In a case stemming from a partnership struck during the telecom boom, last week a judge awarded a $244 million judgment for bankrupt WinStar Communications against Lucent Technologies Inc. Allowing for interest and other costs, Lucent plans to take a $300 million charge for the quarter ended December 31.
The decision, say attorneys for WinStar, may establish new case law concerning vendor-financing relationships, especially regarding what constitutes an “insider” for purposes of bankruptcy preference law. Insiders — a term generally considered to apply only to related entities, officers and directors, and their relatives — may be compelled to disgorge payments made by a company as much as 12 months before the company files for bankruptcy; non-insiders, only 3 months.
In October 1998, in the first of two related agreements, Lucent became the primary secured lender to WinStar, providing the much smaller broadband provider with a $2 billion line of credit to build a wireless communications network. In the second, Lucent consented to provide “best of breed” equipment to WinStar and, in cases where Lucent couldn’t provide it, to finance WinStar’s purchase of that equipment from other companies.
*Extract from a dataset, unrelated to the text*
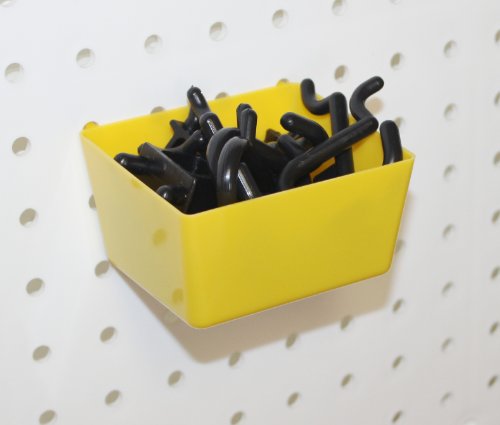 WallPeg pegboard Panels, Shelves, Bins, Locking peg Hooks Garage Storage kit 96 W-B (White)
WinStar trustee Christine Shubert sued Lucent in April 2001 on the grounds that it forced WinStar to file for bankruptcy protection by breaking a contract between the two companies, according to Reuters. (Later that year, noted the wire service, WinStar’s assets were purchased by telecom IDT Corp.) The trial was completed in June.
In his ruling, U.S. Bankruptcy Court Judge Joel B. Rosenthal cited substantial wrongdoing by both companies. When Lucent was feeling pressure in the third and fourth quarter of 2000 to report higher sales, “extracted what it needed to prop up its own revenue from WinStar in the purchases of unneeded equipment,” the judge wrote. The larger company also manipulated the timing of a refinancing notice that would have revealed WinStar’s shaky financial status until Lucent could extract more revenue, he added.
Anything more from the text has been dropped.